Often, this starts out with an acclimation diet that should
be very high in lipids (some out there are as high as 22% lipids. This
is used for the first couple of weeks after transfer from hatchery to
destress the animals and acclimate them to the pond environment.
Technically, this should be done in an acclimation raceway before general
release into the ponds. Once in the ponds, use a locally produced diet
with around 8-10% fat content, and 35% protein if vannamei or 40%+ if
monodon. Monitor your phytoplankton levels.
2) Such designated ponds probably should have stand-by aeration.
3) At around 25-28 grams (vannamei), selected animals should be separated
and move to broodstock tanks which are not of earthen bottoms (tanks).
Technically, this would be a good time to close or semi close the system,
since for most farm operations, closing the pond system is not practical.

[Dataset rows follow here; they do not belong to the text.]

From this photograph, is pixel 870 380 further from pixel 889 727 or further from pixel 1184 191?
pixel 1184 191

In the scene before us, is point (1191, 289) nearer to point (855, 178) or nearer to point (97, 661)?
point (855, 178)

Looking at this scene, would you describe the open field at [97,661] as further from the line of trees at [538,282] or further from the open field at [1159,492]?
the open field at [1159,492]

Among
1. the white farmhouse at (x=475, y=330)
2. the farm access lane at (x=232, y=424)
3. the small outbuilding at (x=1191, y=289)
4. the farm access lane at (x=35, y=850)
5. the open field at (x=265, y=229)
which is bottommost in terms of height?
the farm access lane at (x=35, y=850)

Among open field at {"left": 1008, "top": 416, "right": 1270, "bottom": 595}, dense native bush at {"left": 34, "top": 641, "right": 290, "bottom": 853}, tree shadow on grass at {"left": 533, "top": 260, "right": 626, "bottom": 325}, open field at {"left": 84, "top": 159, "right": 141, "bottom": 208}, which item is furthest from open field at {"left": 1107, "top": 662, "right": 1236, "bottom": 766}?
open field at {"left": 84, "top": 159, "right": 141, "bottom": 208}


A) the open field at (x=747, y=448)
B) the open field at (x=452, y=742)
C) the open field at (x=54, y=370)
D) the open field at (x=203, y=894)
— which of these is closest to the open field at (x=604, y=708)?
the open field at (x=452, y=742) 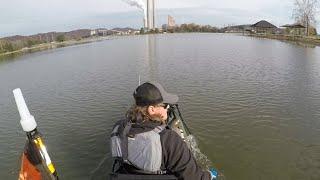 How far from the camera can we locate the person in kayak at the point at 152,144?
165 inches

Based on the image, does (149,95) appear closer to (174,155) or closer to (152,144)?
(152,144)

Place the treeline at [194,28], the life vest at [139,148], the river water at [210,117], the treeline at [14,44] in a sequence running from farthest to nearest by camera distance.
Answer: the treeline at [194,28]
the treeline at [14,44]
the river water at [210,117]
the life vest at [139,148]

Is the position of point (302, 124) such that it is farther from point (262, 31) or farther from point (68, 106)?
point (262, 31)

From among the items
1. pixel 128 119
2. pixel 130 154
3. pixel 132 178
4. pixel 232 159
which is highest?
pixel 128 119

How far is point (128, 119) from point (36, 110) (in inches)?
519

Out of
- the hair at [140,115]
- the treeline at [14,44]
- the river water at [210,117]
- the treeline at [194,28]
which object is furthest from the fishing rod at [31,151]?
the treeline at [194,28]

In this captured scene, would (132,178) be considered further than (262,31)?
No

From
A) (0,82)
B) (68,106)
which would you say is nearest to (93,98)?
(68,106)

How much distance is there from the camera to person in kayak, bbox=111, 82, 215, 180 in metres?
4.18

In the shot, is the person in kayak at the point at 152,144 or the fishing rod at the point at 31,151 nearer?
the person in kayak at the point at 152,144

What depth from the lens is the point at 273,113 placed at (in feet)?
46.5

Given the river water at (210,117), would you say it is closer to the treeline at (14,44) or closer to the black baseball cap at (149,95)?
the black baseball cap at (149,95)

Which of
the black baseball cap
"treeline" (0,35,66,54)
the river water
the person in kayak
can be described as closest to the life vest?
the person in kayak

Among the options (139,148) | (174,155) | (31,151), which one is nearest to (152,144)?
(139,148) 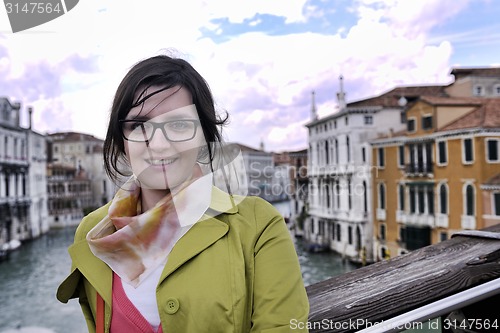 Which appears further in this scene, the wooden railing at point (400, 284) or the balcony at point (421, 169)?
the balcony at point (421, 169)

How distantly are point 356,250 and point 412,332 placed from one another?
6.68 metres

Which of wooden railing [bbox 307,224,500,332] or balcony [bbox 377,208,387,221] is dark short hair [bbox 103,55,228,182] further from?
balcony [bbox 377,208,387,221]

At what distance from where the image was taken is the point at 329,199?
22.6 feet

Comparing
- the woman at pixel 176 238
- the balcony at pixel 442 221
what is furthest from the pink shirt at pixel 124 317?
the balcony at pixel 442 221

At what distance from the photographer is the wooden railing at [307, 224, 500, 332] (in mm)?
231

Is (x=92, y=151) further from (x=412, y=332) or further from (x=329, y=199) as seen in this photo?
(x=412, y=332)

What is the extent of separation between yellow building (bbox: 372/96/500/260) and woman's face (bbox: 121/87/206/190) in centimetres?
449

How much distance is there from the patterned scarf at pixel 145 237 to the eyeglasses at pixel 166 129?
1.0 inches

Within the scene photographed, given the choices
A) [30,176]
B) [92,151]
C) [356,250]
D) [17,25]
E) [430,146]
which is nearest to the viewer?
[17,25]

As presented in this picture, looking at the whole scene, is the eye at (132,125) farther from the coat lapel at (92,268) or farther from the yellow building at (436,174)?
the yellow building at (436,174)

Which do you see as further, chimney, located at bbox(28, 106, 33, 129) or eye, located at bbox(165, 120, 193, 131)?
chimney, located at bbox(28, 106, 33, 129)

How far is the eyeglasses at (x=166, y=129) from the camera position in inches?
8.8

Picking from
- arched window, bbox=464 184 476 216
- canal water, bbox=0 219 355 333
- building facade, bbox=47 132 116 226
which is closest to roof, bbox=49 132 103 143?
building facade, bbox=47 132 116 226

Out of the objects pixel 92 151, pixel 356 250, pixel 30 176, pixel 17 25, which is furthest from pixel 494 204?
pixel 30 176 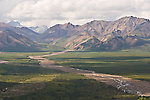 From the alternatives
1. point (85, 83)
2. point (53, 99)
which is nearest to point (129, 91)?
point (85, 83)

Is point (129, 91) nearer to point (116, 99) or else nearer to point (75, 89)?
point (116, 99)

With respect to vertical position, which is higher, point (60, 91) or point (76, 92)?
point (60, 91)

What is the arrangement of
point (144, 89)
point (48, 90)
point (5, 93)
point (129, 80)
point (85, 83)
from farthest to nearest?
point (129, 80), point (85, 83), point (144, 89), point (48, 90), point (5, 93)

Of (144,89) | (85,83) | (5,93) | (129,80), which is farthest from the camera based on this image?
(129,80)

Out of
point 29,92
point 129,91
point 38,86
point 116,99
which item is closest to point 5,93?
point 29,92

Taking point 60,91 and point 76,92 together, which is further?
point 60,91

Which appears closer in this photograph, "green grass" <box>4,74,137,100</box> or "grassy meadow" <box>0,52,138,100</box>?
"green grass" <box>4,74,137,100</box>

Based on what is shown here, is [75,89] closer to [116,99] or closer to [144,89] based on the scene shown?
[116,99]

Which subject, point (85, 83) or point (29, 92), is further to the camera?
point (85, 83)

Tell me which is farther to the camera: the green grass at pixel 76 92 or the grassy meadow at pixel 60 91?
the grassy meadow at pixel 60 91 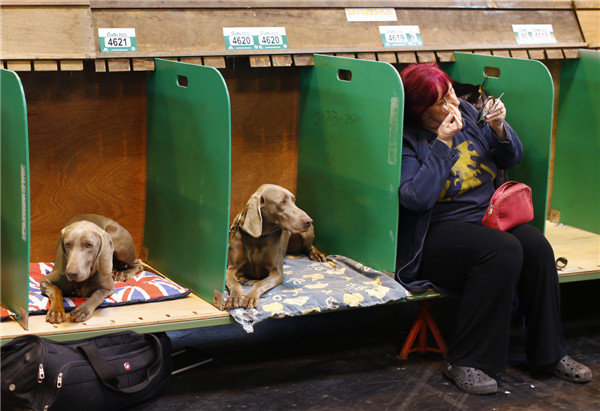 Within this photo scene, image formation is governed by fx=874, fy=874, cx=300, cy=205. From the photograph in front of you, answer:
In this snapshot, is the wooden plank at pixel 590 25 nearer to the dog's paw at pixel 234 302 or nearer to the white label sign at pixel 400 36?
the white label sign at pixel 400 36

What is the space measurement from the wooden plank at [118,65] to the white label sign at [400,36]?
3.72 feet

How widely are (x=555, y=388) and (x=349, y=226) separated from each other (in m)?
1.00

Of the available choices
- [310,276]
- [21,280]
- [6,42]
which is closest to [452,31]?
[310,276]

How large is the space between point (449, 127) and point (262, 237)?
2.65ft

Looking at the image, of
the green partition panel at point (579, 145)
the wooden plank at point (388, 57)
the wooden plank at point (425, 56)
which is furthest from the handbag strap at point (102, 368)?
the green partition panel at point (579, 145)

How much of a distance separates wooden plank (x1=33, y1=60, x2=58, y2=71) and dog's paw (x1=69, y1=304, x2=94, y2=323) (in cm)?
90

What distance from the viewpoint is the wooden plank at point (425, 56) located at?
3842 millimetres

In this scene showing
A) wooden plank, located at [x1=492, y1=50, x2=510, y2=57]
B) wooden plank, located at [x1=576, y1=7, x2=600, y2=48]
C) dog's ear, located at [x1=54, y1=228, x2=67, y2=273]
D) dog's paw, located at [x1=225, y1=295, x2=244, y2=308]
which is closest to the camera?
dog's ear, located at [x1=54, y1=228, x2=67, y2=273]

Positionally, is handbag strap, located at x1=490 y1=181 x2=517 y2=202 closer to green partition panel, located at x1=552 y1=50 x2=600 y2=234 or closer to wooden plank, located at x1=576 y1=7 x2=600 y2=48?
green partition panel, located at x1=552 y1=50 x2=600 y2=234

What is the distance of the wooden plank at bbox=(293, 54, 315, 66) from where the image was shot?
3585 mm

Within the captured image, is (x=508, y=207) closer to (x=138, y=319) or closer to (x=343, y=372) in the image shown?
(x=343, y=372)

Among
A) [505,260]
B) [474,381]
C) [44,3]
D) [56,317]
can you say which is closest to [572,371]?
[474,381]

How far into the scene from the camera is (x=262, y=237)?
131 inches

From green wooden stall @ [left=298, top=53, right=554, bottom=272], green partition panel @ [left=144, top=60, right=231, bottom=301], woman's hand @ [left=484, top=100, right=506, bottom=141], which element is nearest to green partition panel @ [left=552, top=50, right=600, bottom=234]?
green wooden stall @ [left=298, top=53, right=554, bottom=272] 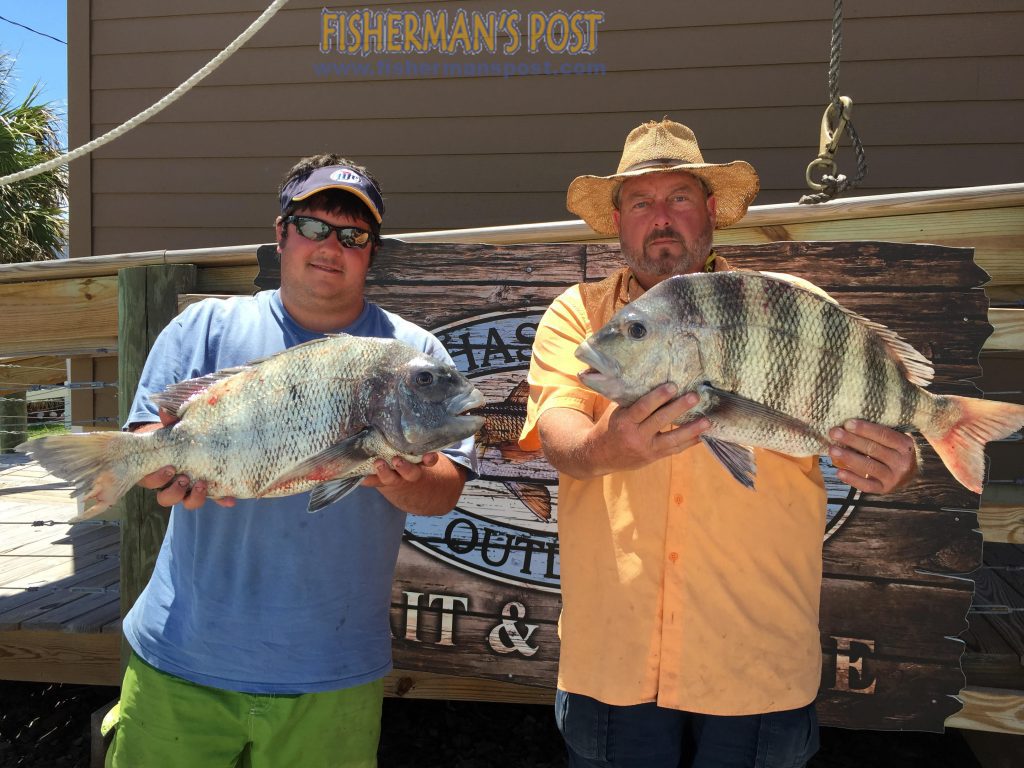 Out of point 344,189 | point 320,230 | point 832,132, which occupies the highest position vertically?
point 832,132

4) Once in the broodstock tanks, you can apply the assortment of frozen or
fresh diets to AUGMENT some basic dry or moist diet or those which might be
formulated specifically for conditioning or maturation. These formulated
diets should be used as the vehicle for
stabilizing the HUFA input to your animals. Generally, if you get a
high protein diet (circa 40%) that has a 8-9% fat level, but which has been
over-sprayed with squid or anchovy oil (total content of internal and
overcoat is then anywhere from 10-12%), this would be
ideal for the broodstock tanks. We know many hatcheries which do the
application of the overcoat oils on site.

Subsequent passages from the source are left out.